Soutenir les professionnels devient essentiel : "On est des millions de citoyens français à penser que c'est un sujet important et qu'ils devraient avoir des moyens. On est derrière eux pour les réclamer, ces moyens."
Amnésie traumatique et double identité : comment Rose incarne la violence enfouie
Pourquoi le personnage amnésique permet de décrire la mécanique d'emprise
L'auteur explique son choix narratif : "Ce qui m'intéressait, c'est que ce soit un personnage amnésique. Je n'avais jamais traité de l'amnésie dans aucun de mes romans." Sur cette thématique, cela lui semblait particulièrement pertinent : "Repartir d'une feuille blanche et se reconstruire et rencontrer un homme, évidemment, on ne peut pas se douter que cet homme pourrait être un bourreau."

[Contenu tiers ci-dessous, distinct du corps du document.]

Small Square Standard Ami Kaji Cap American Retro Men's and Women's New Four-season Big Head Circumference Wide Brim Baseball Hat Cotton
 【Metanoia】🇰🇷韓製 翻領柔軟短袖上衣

Cette amnésie permet de montrer : "Le personnage de Rose me permet de rentrer et de décrire cette mécanique de l'emprise."
Le cahier enterré : l'enfance enfouie sous un chêne
Le symbole du cahier enterré illustre la mémoire traumatique : "Il y a ce cahier enterré sous un chêne. Elle le déterre, elle le lit, sans savoir qu'elle lit sa propre histoire, sa propre enfance."
Cette métaphore illustre comment les blessures d'enfance restent enfouies pour permettre la survie, mais continuent d'agir souterrainement jusqu'à leur déterrement et leur reconnaissance.
Points clés à retenir : briser le cycle des violences conjugales
Sur l'ampleur du problème :
300 000 femmes victimes de violences conjugales chaque année en France
Une urgence de santé publique massive que la société détourne du regard
Le besoin d'entendre les hommes se positionner en alliés
La mécanique de l'emprise :
L'emprise est progressive : remarques, isolement, contrôle, prison invisible
La question "Pourquoi elle n'est pas partie ?" révèle une méconnaissance du mécanisme
Comprendre cette mécanique permet de décoder les signaux dans notre entourage
Sur la reconstruction :
Les Maisons des femmes offrent des chemins de reconstruction globale
Briser le cycle de violence intergénérationnelle n'est pas inéluctable
L'écriture (slam, ateliers) peut transformer la honte en parole assumée
Le rôle de chacun :
Écouter, croire, orienter vers des professionnels (3919, arretonslesviolences.gouv.fr)
Les pères doivent éduquer les garçons et déconstruire la masculinité toxique
Une simple question d'un médecin ("Comment ça se passe à la maison ?") peut tout débloquer
Sur l'action collective :
Le silence permet la violence, la parole doit être écoutée et suivie d'effet
Les moyens politiques sont insuffisants, les crédits des associations sont coupés
Notre devoir citoyen : voter, alerter, soutenir les professionnels qui protègent
Pour approfondir sur les violences conjugales et l'emprise
Livre :Le jour où Rose a disparu, Julien Sandrel, Harper Collins
Ce roman offre une vision d'ensemble de la mécanique des violences conjugales à travers deux femmes – Rose, qui perd la mémoire et entre dans l'emprise, et Aïda, auxiliaire de puériculture à la Maison des femmes de Toulon. Julien Sandrel tisse une fiction qui éclaire autant qu'elle émeut, en montrant que la reconstruction est possible.
Ressources d'aide :
3919 : Numéro national d'écoute pour les femmes victimes de violences
Comme le conclut Julien Sandrel : "J'avais envie qu'on entre dans ce roman [...] et qu'ensuite, on apprenne des choses et peut-être qu'on décode soi-même des comportements qu'on voit dans son entourage." Parce que comprendre les violences conjugales, c'est se donner les moyens d'agir.